Records contained in a dataset:
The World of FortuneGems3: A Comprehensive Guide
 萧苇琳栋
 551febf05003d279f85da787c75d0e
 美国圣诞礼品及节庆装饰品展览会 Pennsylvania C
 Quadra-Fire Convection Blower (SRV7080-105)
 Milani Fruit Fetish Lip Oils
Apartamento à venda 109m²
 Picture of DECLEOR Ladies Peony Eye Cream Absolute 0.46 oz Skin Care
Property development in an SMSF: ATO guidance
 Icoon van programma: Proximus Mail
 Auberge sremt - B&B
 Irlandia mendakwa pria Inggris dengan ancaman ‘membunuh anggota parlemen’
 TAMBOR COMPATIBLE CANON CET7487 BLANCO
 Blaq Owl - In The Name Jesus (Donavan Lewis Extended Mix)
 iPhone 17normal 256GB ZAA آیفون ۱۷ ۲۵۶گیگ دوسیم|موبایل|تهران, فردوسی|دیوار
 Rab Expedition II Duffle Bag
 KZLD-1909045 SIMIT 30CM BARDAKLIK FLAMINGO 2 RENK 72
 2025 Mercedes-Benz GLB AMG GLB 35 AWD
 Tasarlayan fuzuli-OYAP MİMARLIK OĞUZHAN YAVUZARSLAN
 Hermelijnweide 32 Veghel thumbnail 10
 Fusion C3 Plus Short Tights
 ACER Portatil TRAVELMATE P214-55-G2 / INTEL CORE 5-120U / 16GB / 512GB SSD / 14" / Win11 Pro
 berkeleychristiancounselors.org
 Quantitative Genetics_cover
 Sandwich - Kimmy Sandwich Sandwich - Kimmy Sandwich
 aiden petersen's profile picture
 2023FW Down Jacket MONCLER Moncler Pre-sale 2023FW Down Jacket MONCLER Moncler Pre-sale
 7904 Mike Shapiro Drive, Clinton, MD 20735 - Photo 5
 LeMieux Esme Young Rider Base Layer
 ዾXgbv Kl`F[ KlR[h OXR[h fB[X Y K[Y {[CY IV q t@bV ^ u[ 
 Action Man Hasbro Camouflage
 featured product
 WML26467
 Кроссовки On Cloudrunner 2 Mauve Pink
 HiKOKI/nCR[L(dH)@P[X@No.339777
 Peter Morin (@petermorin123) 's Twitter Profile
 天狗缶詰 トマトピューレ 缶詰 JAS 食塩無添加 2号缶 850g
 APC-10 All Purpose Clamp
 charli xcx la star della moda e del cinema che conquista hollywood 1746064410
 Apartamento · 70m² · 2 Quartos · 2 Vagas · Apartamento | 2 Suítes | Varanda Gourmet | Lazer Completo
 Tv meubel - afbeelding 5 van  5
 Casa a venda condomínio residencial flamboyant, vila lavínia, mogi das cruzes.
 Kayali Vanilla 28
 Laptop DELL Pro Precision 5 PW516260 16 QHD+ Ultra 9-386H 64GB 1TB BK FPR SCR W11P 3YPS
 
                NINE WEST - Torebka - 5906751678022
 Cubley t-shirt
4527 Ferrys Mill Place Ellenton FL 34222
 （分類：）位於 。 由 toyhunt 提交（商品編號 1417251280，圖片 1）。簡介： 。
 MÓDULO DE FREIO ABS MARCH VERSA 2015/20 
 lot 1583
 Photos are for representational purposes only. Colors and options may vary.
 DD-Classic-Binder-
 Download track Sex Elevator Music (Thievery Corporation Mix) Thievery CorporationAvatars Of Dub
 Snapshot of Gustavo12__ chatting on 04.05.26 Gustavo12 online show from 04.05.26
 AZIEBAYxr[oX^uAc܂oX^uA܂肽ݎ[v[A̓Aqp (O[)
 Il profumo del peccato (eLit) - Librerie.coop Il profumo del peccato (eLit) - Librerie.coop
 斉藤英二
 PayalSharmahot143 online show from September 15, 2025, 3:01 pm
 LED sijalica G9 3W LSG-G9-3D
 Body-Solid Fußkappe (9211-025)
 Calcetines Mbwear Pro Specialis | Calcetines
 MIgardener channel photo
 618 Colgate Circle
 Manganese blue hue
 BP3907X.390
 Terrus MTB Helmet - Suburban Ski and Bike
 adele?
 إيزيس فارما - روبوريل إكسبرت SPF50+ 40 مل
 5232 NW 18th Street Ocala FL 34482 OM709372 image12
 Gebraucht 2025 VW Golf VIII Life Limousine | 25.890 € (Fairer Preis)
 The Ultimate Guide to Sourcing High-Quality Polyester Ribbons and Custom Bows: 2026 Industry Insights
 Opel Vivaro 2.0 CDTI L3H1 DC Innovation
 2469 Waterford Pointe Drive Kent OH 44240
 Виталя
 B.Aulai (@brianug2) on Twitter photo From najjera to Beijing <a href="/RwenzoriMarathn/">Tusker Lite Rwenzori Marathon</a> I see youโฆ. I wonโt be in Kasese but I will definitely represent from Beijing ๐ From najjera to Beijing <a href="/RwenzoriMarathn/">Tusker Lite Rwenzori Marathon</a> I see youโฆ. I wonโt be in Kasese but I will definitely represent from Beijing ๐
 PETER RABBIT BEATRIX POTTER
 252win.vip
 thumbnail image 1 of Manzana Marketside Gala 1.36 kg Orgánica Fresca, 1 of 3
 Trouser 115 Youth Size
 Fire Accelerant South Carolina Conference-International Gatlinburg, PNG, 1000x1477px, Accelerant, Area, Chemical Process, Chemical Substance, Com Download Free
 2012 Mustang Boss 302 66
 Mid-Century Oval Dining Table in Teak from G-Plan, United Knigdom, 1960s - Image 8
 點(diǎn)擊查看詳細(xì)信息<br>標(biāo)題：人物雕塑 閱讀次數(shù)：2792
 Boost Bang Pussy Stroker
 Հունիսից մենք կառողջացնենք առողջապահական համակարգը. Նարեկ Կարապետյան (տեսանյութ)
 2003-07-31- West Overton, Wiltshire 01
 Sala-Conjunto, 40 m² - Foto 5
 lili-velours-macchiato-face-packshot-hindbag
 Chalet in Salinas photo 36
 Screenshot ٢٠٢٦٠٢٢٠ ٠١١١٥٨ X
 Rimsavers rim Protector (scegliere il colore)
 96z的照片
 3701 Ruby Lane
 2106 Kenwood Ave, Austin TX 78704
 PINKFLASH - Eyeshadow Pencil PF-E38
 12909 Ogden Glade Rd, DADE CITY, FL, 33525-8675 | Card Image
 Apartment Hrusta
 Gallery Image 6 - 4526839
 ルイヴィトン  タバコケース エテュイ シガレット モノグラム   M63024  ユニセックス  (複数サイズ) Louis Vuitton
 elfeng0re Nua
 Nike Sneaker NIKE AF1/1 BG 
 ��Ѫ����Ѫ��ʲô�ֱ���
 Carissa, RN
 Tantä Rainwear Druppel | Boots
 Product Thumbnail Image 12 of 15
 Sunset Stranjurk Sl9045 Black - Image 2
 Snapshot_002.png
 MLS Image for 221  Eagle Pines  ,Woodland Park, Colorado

### WHAT THE TASK ASKS
Copy out every line above where "Fire" is present.

### YOUR SOLUTION
 Quadra-Fire Convection Blower (SRV7080-105)
 Fire Accelerant South Carolina Conference-International Gatlinburg, PNG, 1000x1477px, Accelerant, Area, Chemical Process, Chemical Substance, Com Download Free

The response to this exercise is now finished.